Mientras habla, el pan dulce que Federico y sus tres hermanas comen desde su infancia se deja apreciar, brillante y acaudalado, sobre los mostradores de Plaza Mayor. Algunos ya están embolsados con los colores de la Madre Patria.
“Hacemos el modelo bajo de media esfera porque así lo hacía mi abuela… No lleva más por la cantidad de mercadería que le ponemos. Es el punto justo. Si tuviera más levadura, se desgranaría y no sería tan delicioso. Además, trabajamos con manteca: le da una textura especial”, cuenta en tono de confidencia y detalla que el proceso empieza todos los días a las seis de la mañana y que cada uno tarda cuatro horas en estar listo.
¿Cuánto influye la calidad de la materia prima? Mucho, según Federico. “Este año tuvimos un problema importante con los frutos secos porque se venden a precio dólar. El viernes antes de las PASO compré almendras a 480 pesos el kilo. Ahora están 750. Lo mismo con las nueces: pasaron de 370 a 550”, revela y detalla que trabaja con muchos productores del Interior del país.
Cuenta que las pasas de uva son de La Rioja y Catamarca; las nueces de Mendoza -“son las que más me gustan”-; el cajú “es brasilero, porque acá no hay”; y las almendras también son mendocinas, pero hay variedades chilenas y americanas. En tanto, la fruta escurrida (“le dicen abrillantada, pero en realidad es escurrida porque tiene almíbar y no glaseado”) es mamón de Corrientes, mientras que la cereza es mendocina y los higos, jujeños.

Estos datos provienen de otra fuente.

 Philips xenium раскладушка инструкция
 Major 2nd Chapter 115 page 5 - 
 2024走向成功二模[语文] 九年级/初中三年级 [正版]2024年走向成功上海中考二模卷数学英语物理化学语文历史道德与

“La panadería de Plaza Mayor hace pan dulce todo el año, porque la gente lo compra todo el año. A esta altura muchos clientes saben que lo pueden congelar y por eso se anticipan. Lo sacás del freezer un día antes y queda exactamente igual”, revela Federico y se entusiasma con una recomendación sin precedente: “Después del asado, limpiar un poquito la parrilla, poner una rodaja de pan dulce a tostar unos minutos y servirla con una bocha de helado de crema o de sambayón”.
Entonces se retrotrae a principios de los 90: la primera vez que vio una cola de gente en la puerta de Plaza Mayor. “No entendía nada. Llamé a mi papá para contarle: ‘Están haciendo fila para comprar el pan dulce’”, cuenta que le dijo. Su padre llegó de raje con una única pregunta: “¿Cuántos vendiste?”. “No tengo ni idea. No los conté”, le contestó, culposo, mientras prometía hacerlo al día siguiente. “No, dejá. No los cuentes nunca. ¡Nunca más! Ni se te ocurra”, lo conminó Ricardo e instaló la cábala de no llevar el registro.
“Calculo las compras a ojo. Lo hago hace 30 años”, asegura el gerente y agrega que nunca hicieron publicidad. Que la gente sabe que el pan dulce de Plaza Mayor es rico por el boca a boca.
“Una vuelta tuvimos cuatro cuadras de cola porque el día anterior se nos habían acabado. El promedio son dos cuadras por día. Llega a Belgrano por Venezuela. Esta semana entregamos varios por persona pero en los días previos a Navidad restringimos: solo uno por cliente”, cuenta Federico sobre la delicia que se vende de 9 a 11 de la mañana y de 5 a 7 de la tarde, aunque un poco puede extenderse.
Y cuando el reloj marca la una del mediodía, reflexiona: “Hacer algo rico te hace bien al ego. Pero hacerlo en familia, ¡mucho más! Ese es nuestro condimento secreto”.